:: Task directions ::
Write the listing below again, word for word.

== Segment start ==

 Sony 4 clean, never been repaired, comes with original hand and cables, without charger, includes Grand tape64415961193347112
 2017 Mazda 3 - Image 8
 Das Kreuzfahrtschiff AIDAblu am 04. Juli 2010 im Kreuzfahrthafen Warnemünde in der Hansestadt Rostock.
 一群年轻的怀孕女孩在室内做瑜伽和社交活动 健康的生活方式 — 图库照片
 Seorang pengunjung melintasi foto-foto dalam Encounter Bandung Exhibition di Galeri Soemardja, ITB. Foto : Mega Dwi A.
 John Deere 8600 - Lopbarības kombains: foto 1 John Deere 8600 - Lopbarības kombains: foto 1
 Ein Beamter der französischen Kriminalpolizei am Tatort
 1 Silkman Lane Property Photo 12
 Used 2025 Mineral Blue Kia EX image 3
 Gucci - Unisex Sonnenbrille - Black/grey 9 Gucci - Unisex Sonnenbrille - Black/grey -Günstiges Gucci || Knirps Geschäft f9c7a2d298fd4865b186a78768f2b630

== Segment end ==

:: Solution ::
 Sony 4 clean, never been repaired, comes with original hand and cables, without charger, includes Grand tape64415961193347112
 2017 Mazda 3 - Image 8
 Das Kreuzfahrtschiff AIDAblu am 04. Juli 2010 im Kreuzfahrthafen Warnemünde in der Hansestadt Rostock.
 一群年轻的怀孕女孩在室内做瑜伽和社交活动 健康的生活方式 — 图库照片
 Seorang pengunjung melintasi foto-foto dalam Encounter Bandung Exhibition di Galeri Soemardja, ITB. Foto : Mega Dwi A.
 John Deere 8600 - Lopbarības kombains: foto 1 John Deere 8600 - Lopbarības kombains: foto 1
 Ein Beamter der französischen Kriminalpolizei am Tatort
 1 Silkman Lane Property Photo 12
 Used 2025 Mineral Blue Kia EX image 3
 Gucci - Unisex Sonnenbrille - Black/grey 9 Gucci - Unisex Sonnenbrille - Black/grey -Günstiges Gucci || Knirps Geschäft f9c7a2d298fd4865b186a78768f2b630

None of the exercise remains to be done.